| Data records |
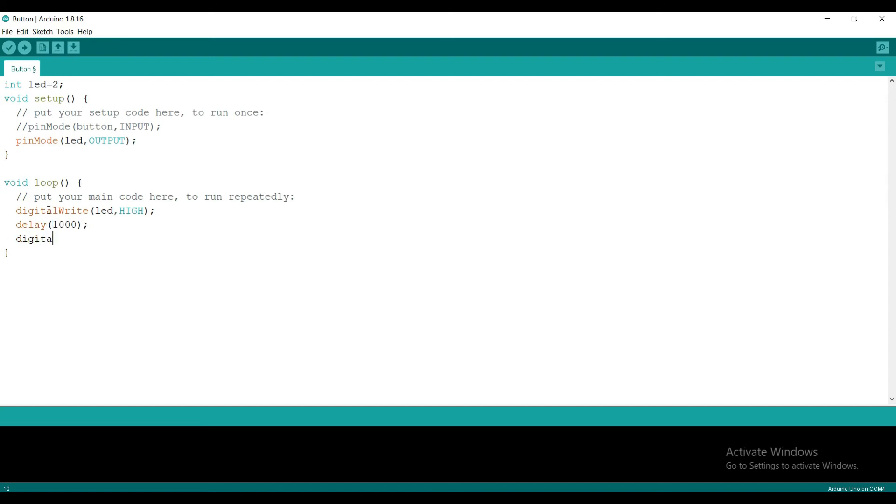So, digitalWrite LED, low. And then, we need to run this loop with some delay.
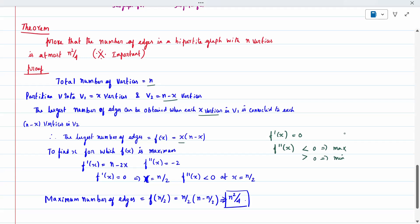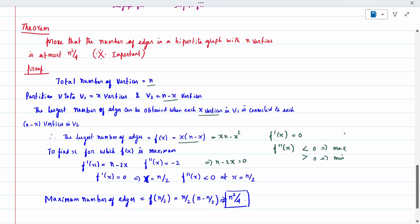Differentiating f(x) = x(n−x) gives f'(x) = n − 2x. The second derivative is f''(x) = −2, which is less than 0, confirming a maximum. Setting f'(x) = 0 gives n − 2x = 0, so x = n/2. Substituting back, f(n/2) = (n/2)(n − n/2) = n²/4. Therefore, the number of edges in a bipartite graph with n vertices is at most n²/4.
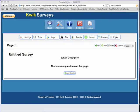Quick Surveys is a useful Web 2.0 tool to gather information from students, teachers, or parents. You are able to customize a survey that you can post online, email, or print out. Let's try one.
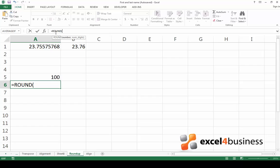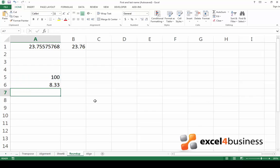Enter the reference of the cell which contains the number you want to divide. Type a slash to suggest division and then 12 for the 12 months. Type a comma and then the number of digits you would like to see after the decimal sign. Close the parenthesis and press enter.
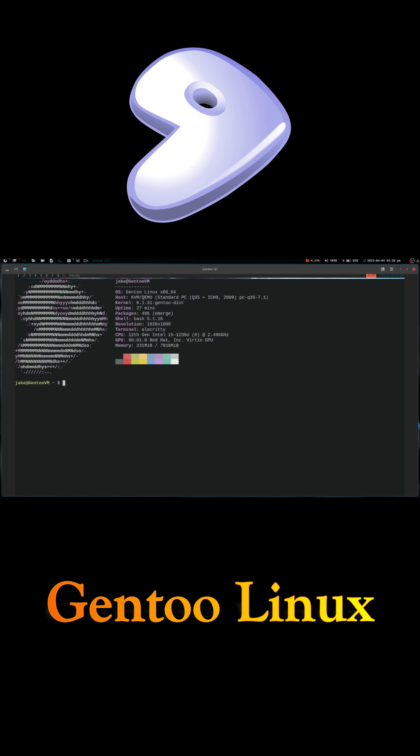This means that every program on a Gentoo system is custom-built to match the user's hardware and preferences, resulting in a highly optimized and efficient system. The heart of Gentoo is its package manager called Portage.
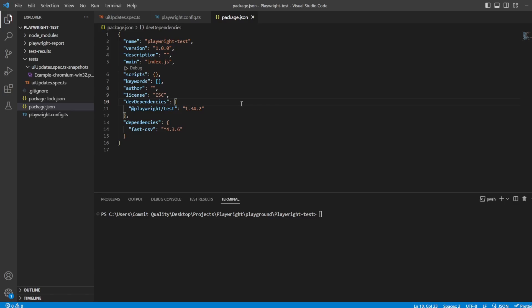This is Jared from Commit Quality, and in this video I want to go over some updates made to the UI tool and the Trace Viewer tool in Playwright as part of version 1.34.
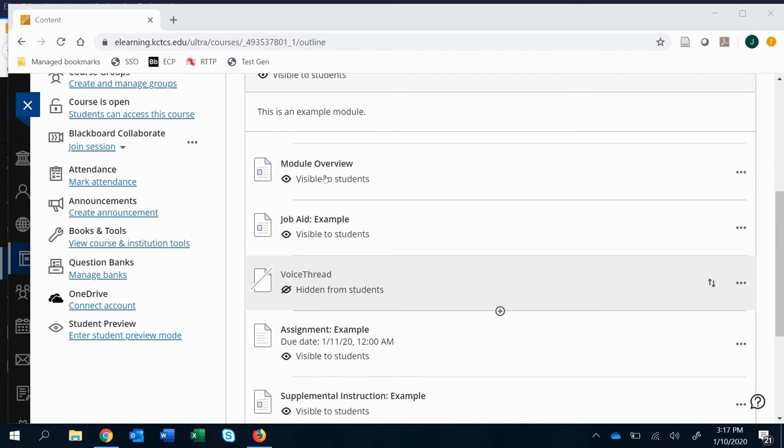In this video, I'm going to show you how to actually set up a VoiceThread link that you already created. I had that in a previous video on how to create the link.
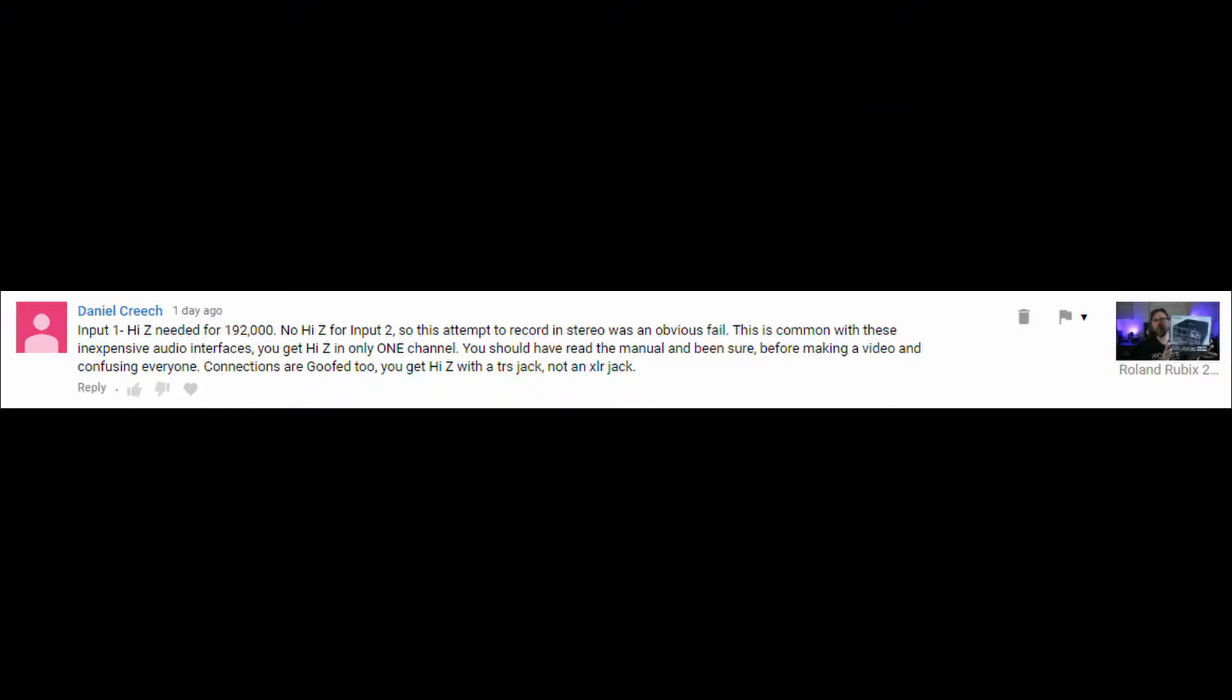So a user commented on the Roland Rubix 22 review that I did, where I was messing around with 192 kilohertz sample rates. And so the comment reads, input 1 high Z is needed for 192k, and there's no high Z for input 2. You know, some snarky BS here.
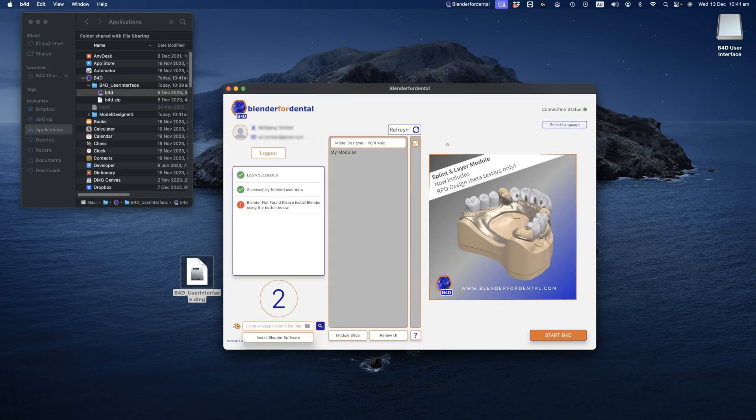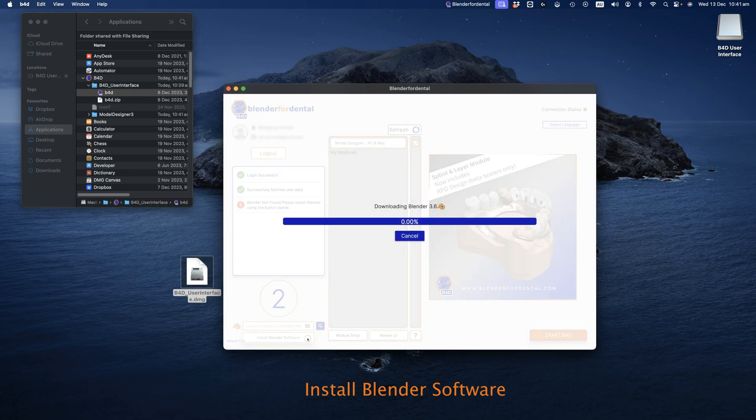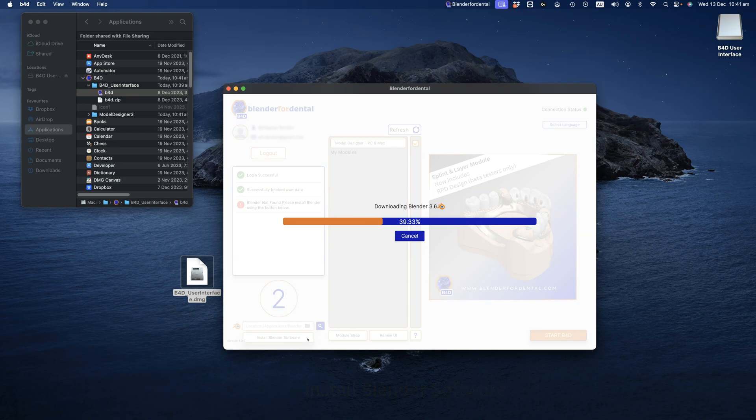Following this, proceed to install the Blender software program. Blender4Dental is designed to run exclusively with the compatible Blender version. The user interface will conduct a check to verify and ensure the correct version is installed. Allow some time for the software to download.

| What is required |
Repeat every entry above precisely, leaving each picture out.

| Solution for this task |
So, digitalWrite LED, low. And then, we need to run this loop with some delay.
Differentiating f(x) = x(n−x) gives f'(x) = n − 2x. The second derivative is f''(x) = −2, which is less than 0, confirming a maximum. Setting f'(x) = 0 gives n − 2x = 0, so x = n/2. Substituting back, f(n/2) = (n/2)(n − n/2) = n²/4. Therefore, the number of edges in a bipartite graph with n vertices is at most n²/4.
Quick Surveys is a useful Web 2.0 tool to gather information from students, teachers, or parents. You are able to customize a survey that you can post online, email, or print out. Let's try one.
Enter the reference of the cell which contains the number you want to divide. Type a slash to suggest division and then 12 for the 12 months. Type a comma and then the number of digits you would like to see after the decimal sign. Close the parenthesis and press enter.
This means that every program on a Gentoo system is custom-built to match the user's hardware and preferences, resulting in a highly optimized and efficient system. The heart of Gentoo is its package manager called Portage.
This is Jared from Commit Quality, and in this video I want to go over some updates made to the UI tool and the Trace Viewer tool in Playwright as part of version 1.34.
In this video, I'm going to show you how to actually set up a VoiceThread link that you already created. I had that in a previous video on how to create the link.
So a user commented on the Roland Rubix 22 review that I did, where I was messing around with 192 kilohertz sample rates. And so the comment reads, input 1 high Z is needed for 192k, and there's no high Z for input 2. You know, some snarky BS here.
Following this, proceed to install the Blender software program. Blender4Dental is designed to run exclusively with the compatible Blender version. The user interface will conduct a check to verify and ensure the correct version is installed. Allow some time for the software to download.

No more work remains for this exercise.